YOUR TASK:
Starting at the line that contains "Juergen Klopp và" and stopping at the line that contains "The all abilities", transcribe every line of the material below exactly; pictures stay out.
*** SOURCE INFORMATION Section Begins ***
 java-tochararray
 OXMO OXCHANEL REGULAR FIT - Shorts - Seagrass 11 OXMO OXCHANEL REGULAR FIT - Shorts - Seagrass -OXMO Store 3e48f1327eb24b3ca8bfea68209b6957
*** SOURCE INFORMATION Section Ends ***
*** SOURCE INFORMATION Section Begins ***
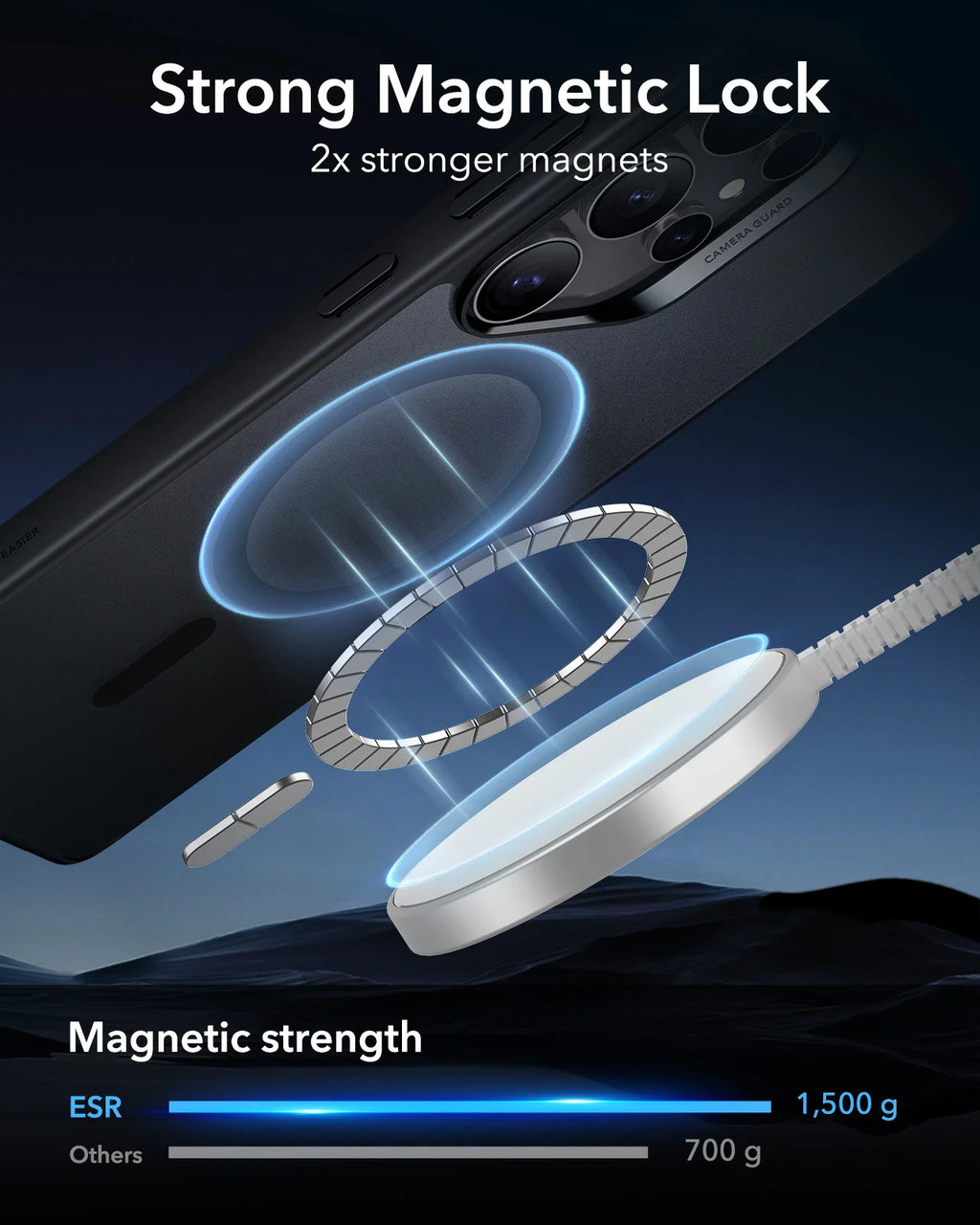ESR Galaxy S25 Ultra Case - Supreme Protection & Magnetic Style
*** SOURCE INFORMATION Section Ends ***
*** SOURCE INFORMATION Section Begins ***
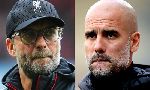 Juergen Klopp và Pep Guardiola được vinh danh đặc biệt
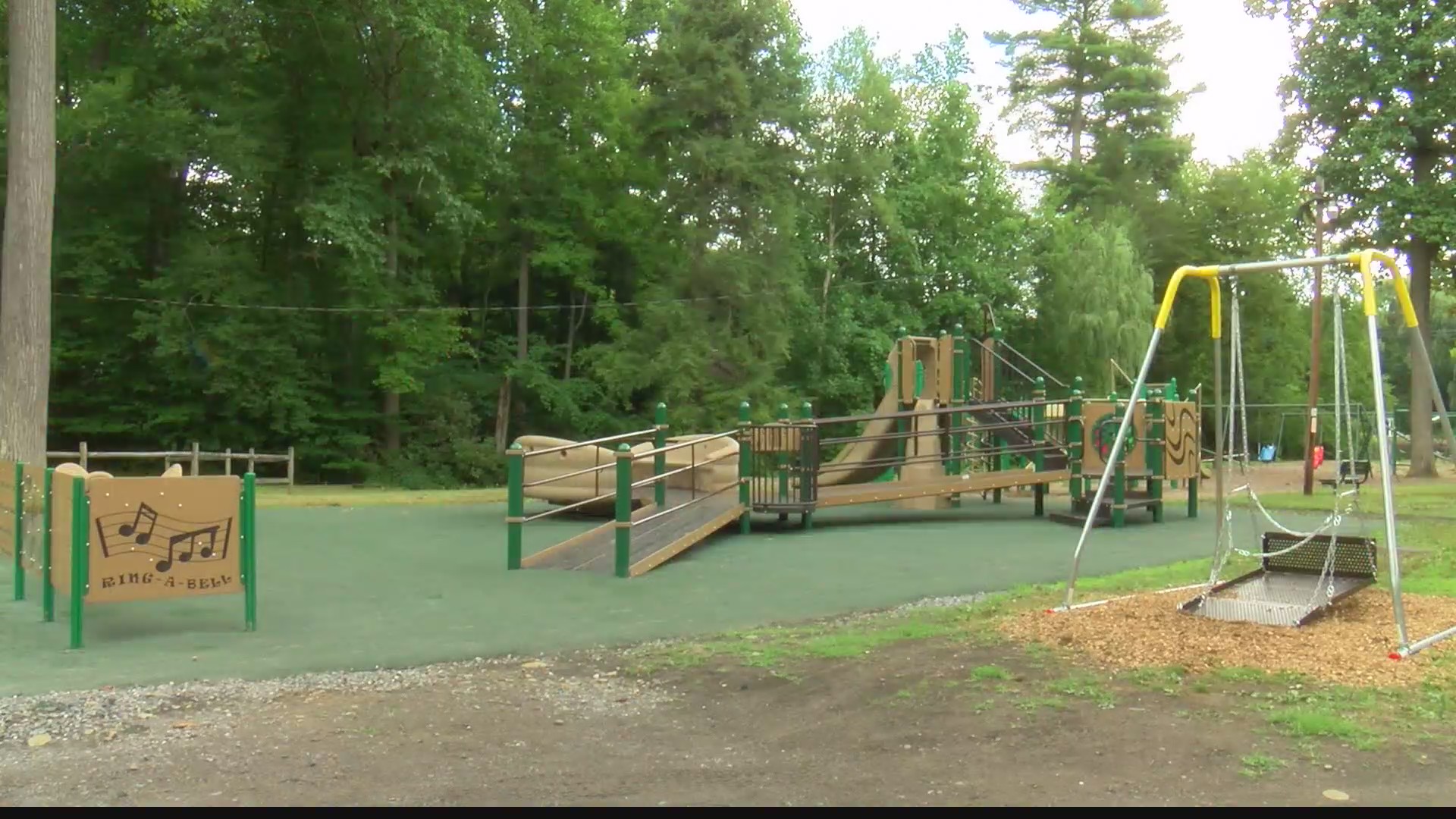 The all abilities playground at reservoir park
*** SOURCE INFORMATION Section Ends ***
ANSWER SECTION:
 Juergen Klopp và Pep Guardiola được vinh danh đặc biệt
 The all abilities playground at reservoir park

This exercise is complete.